Data records:
Segment Open

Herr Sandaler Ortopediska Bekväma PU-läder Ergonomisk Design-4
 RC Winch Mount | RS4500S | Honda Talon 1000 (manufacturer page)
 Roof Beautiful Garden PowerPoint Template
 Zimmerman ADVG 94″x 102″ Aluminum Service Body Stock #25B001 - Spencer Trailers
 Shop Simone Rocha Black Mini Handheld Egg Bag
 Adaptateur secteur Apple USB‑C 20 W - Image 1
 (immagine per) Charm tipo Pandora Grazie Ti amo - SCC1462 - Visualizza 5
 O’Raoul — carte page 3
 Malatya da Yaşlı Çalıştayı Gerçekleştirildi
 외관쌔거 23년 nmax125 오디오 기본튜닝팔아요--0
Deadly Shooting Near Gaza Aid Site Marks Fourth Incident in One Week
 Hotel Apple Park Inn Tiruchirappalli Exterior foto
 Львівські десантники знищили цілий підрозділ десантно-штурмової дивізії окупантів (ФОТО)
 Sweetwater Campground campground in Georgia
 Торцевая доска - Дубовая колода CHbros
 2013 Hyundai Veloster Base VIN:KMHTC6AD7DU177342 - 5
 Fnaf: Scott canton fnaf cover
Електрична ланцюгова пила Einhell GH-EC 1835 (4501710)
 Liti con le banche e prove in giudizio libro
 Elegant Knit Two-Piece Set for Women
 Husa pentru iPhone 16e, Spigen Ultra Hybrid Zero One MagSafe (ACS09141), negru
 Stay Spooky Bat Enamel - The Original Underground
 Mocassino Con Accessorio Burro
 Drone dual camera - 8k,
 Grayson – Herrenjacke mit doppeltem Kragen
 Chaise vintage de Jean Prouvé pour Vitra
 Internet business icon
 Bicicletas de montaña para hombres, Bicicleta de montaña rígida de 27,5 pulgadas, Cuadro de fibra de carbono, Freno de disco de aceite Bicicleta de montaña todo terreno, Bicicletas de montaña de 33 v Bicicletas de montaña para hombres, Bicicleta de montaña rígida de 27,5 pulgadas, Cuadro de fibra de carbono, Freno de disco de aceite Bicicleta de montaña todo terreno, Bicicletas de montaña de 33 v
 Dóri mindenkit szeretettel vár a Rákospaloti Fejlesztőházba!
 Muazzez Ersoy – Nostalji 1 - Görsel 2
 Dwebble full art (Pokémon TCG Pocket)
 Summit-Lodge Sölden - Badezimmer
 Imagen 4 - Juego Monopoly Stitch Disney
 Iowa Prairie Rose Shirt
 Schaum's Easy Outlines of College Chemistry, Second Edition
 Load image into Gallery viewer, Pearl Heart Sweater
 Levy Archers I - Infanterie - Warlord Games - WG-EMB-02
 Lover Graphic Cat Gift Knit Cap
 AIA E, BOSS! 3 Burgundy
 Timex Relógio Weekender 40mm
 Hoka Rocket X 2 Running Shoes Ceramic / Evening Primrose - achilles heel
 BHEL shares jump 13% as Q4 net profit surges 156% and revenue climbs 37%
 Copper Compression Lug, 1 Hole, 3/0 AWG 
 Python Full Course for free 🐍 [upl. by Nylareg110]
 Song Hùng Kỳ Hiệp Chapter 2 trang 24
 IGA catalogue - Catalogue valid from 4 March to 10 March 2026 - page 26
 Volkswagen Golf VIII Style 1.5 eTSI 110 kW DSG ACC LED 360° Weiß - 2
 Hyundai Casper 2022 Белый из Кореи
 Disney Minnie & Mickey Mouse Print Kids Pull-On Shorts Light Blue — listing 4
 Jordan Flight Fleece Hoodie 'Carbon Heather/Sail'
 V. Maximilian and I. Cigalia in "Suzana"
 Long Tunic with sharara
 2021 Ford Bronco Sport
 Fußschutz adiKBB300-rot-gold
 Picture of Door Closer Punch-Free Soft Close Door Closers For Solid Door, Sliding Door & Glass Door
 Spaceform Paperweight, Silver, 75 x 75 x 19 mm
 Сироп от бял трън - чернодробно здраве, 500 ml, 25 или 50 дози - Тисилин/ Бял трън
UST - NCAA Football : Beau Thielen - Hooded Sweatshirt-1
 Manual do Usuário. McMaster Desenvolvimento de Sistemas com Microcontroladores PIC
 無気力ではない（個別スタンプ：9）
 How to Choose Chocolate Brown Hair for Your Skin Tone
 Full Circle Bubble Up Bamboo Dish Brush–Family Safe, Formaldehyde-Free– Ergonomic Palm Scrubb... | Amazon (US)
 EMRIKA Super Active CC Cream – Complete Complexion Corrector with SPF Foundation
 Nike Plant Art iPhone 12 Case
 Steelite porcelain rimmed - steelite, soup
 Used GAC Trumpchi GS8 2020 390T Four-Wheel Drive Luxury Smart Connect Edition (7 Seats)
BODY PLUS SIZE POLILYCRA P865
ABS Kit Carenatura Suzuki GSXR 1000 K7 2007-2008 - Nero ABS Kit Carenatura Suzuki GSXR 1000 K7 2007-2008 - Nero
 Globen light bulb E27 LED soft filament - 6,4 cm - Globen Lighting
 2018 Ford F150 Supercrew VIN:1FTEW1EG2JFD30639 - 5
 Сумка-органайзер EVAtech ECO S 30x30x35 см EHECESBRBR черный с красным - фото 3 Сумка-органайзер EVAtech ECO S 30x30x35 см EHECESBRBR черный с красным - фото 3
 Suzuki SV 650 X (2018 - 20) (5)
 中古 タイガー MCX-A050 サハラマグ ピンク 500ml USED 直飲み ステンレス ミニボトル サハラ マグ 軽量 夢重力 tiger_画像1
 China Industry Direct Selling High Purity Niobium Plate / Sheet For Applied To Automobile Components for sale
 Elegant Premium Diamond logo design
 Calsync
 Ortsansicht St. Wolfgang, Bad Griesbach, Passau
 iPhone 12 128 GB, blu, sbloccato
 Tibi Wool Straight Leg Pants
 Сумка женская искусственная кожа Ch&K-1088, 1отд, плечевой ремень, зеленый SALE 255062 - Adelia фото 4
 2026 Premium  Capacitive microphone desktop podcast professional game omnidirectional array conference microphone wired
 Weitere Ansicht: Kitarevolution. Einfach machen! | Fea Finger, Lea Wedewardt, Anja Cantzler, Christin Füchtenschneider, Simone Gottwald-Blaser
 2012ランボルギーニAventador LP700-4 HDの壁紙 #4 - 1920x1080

Segment Closed

=== WORK TO COMPLETE ===
The answer is the lines above between the line holding "Drone dual camera" and the line holding "Timex Relógio Weekender 40mm", inclusive, each written out exactly, and no others.

=== EXPECTED ANSWER ===
 Drone dual camera - 8k,
 Grayson – Herrenjacke mit doppeltem Kragen
 Chaise vintage de Jean Prouvé pour Vitra
 Internet business icon
 Bicicletas de montaña para hombres, Bicicleta de montaña rígida de 27,5 pulgadas, Cuadro de fibra de carbono, Freno de disco de aceite Bicicleta de montaña todo terreno, Bicicletas de montaña de 33 v Bicicletas de montaña para hombres, Bicicleta de montaña rígida de 27,5 pulgadas, Cuadro de fibra de carbono, Freno de disco de aceite Bicicleta de montaña todo terreno, Bicicletas de montaña de 33 v
 Dóri mindenkit szeretettel vár a Rákospaloti Fejlesztőházba!
 Muazzez Ersoy – Nostalji 1 - Görsel 2
 Dwebble full art (Pokémon TCG Pocket)
 Summit-Lodge Sölden - Badezimmer
 Imagen 4 - Juego Monopoly Stitch Disney
 Iowa Prairie Rose Shirt
 Schaum's Easy Outlines of College Chemistry, Second Edition
 Load image into Gallery viewer, Pearl Heart Sweater
 Levy Archers I - Infanterie - Warlord Games - WG-EMB-02
 Lover Graphic Cat Gift Knit Cap
 AIA E, BOSS! 3 Burgundy
 Timex Relógio Weekender 40mm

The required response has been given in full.